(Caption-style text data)
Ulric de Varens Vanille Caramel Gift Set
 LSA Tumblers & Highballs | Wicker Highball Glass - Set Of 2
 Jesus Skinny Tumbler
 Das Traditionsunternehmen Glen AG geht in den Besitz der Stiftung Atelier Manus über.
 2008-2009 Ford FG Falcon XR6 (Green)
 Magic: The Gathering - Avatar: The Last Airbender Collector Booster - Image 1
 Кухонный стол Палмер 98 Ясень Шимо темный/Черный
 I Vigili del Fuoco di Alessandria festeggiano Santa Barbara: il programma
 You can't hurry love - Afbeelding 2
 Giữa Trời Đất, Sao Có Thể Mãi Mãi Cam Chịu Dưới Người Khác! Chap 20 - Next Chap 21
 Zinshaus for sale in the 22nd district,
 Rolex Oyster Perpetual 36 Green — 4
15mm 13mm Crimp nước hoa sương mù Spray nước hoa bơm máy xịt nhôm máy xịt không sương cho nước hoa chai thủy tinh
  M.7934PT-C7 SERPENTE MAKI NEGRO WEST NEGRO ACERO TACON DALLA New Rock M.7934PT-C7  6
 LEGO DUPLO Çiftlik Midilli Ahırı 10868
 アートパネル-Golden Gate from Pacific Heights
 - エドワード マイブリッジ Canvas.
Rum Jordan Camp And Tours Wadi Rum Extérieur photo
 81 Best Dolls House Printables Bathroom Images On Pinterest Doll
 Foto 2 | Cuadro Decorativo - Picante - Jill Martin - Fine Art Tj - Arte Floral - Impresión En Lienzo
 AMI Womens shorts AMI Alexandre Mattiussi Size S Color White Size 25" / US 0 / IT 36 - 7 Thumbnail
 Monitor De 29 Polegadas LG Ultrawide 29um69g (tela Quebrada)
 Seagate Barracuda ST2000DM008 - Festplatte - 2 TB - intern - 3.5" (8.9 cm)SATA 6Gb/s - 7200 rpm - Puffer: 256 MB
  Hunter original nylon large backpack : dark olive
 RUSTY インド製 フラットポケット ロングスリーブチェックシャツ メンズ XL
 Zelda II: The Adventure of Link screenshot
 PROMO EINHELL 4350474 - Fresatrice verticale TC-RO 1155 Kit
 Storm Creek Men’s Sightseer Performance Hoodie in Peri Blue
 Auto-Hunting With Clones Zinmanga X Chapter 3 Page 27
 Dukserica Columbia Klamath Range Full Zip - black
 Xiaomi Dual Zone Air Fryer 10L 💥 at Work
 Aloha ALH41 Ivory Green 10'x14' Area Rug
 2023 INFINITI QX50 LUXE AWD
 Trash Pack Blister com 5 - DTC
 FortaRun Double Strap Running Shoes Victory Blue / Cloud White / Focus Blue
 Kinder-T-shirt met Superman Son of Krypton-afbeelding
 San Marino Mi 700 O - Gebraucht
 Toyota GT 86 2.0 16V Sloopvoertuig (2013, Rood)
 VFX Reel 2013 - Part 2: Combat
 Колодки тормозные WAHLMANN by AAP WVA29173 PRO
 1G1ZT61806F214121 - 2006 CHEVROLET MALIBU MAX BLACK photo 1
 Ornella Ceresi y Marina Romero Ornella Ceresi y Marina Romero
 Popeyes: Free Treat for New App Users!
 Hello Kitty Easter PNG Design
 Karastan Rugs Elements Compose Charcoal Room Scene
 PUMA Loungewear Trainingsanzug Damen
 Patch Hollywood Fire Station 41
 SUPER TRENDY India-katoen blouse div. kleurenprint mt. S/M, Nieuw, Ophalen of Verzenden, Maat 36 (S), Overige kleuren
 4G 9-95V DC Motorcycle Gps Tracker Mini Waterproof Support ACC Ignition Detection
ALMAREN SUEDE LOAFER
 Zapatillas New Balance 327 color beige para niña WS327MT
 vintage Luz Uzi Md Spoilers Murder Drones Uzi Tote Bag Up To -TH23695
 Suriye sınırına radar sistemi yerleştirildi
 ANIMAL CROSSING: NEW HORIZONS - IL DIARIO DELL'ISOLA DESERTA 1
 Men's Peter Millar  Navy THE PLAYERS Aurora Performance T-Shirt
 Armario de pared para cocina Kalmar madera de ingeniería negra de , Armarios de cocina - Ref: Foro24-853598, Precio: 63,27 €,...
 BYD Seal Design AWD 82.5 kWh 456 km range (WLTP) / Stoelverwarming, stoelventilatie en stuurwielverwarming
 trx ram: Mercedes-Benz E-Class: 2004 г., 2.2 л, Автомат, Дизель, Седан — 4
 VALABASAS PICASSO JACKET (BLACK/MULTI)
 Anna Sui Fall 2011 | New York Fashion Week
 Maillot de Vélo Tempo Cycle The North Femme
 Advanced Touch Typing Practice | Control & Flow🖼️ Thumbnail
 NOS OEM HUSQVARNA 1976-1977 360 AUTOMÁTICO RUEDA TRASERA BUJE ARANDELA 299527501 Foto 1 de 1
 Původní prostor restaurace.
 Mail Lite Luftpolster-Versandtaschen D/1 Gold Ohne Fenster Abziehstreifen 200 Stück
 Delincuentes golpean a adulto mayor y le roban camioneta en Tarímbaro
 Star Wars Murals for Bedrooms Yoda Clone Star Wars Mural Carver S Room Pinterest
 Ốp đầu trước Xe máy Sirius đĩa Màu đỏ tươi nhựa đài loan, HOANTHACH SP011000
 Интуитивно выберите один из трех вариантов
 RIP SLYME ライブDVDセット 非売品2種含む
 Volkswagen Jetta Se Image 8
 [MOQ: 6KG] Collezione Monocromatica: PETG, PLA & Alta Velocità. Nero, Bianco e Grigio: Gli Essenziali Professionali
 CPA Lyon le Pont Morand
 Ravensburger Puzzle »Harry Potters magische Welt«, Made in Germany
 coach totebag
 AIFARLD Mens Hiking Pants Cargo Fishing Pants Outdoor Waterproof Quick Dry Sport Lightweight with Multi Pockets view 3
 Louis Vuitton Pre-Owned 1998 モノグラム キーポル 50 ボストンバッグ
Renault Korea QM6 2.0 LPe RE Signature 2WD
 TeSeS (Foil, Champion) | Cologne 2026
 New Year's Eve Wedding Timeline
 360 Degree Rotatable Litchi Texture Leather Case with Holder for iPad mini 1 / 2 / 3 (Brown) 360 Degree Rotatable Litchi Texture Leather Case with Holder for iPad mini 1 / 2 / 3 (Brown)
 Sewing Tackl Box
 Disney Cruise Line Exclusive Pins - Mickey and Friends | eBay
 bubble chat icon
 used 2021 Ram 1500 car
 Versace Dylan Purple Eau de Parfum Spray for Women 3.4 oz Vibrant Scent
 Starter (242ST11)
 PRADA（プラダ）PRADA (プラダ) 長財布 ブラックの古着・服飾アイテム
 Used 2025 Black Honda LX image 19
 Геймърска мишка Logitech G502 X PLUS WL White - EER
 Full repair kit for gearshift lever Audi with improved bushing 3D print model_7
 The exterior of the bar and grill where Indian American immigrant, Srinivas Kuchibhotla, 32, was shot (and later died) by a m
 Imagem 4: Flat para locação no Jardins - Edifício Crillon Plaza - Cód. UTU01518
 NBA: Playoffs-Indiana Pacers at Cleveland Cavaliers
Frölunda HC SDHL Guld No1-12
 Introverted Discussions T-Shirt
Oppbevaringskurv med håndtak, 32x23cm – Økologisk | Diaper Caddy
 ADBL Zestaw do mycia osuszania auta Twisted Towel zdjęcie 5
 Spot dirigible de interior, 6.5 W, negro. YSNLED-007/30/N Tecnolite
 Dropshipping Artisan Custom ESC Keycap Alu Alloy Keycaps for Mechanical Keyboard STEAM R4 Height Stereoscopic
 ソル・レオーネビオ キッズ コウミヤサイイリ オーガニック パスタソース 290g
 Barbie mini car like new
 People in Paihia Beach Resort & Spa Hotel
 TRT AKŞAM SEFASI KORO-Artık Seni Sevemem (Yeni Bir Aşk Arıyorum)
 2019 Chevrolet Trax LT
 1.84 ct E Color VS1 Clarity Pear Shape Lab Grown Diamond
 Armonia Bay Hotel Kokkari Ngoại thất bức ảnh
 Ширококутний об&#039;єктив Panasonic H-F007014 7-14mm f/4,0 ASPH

• Task goal
Could you reproduce exactly the lines of the entries above, from the one with "M.7934PT-C7 SERPENTE MAKI" through the one with "Xiaomi Dual Zone Air Fryer 10L 💥 at Work", and nothing else?

• Reply to the task
  M.7934PT-C7 SERPENTE MAKI NEGRO WEST NEGRO ACERO TACON DALLA New Rock M.7934PT-C7  6
 LEGO DUPLO Çiftlik Midilli Ahırı 10868
 アートパネル-Golden Gate from Pacific Heights
 - エドワード マイブリッジ Canvas.
Rum Jordan Camp And Tours Wadi Rum Extérieur photo
 81 Best Dolls House Printables Bathroom Images On Pinterest Doll
 Foto 2 | Cuadro Decorativo - Picante - Jill Martin - Fine Art Tj - Arte Floral - Impresión En Lienzo
 AMI Womens shorts AMI Alexandre Mattiussi Size S Color White Size 25" / US 0 / IT 36 - 7 Thumbnail
 Monitor De 29 Polegadas LG Ultrawide 29um69g (tela Quebrada)
 Seagate Barracuda ST2000DM008 - Festplatte - 2 TB - intern - 3.5" (8.9 cm)SATA 6Gb/s - 7200 rpm - Puffer: 256 MB
  Hunter original nylon large backpack : dark olive
 RUSTY インド製 フラットポケット ロングスリーブチェックシャツ メンズ XL
 Zelda II: The Adventure of Link screenshot
 PROMO EINHELL 4350474 - Fresatrice verticale TC-RO 1155 Kit
 Storm Creek Men’s Sightseer Performance Hoodie in Peri Blue
 Auto-Hunting With Clones Zinmanga X Chapter 3 Page 27
 Dukserica Columbia Klamath Range Full Zip - black
 Xiaomi Dual Zone Air Fryer 10L 💥 at Work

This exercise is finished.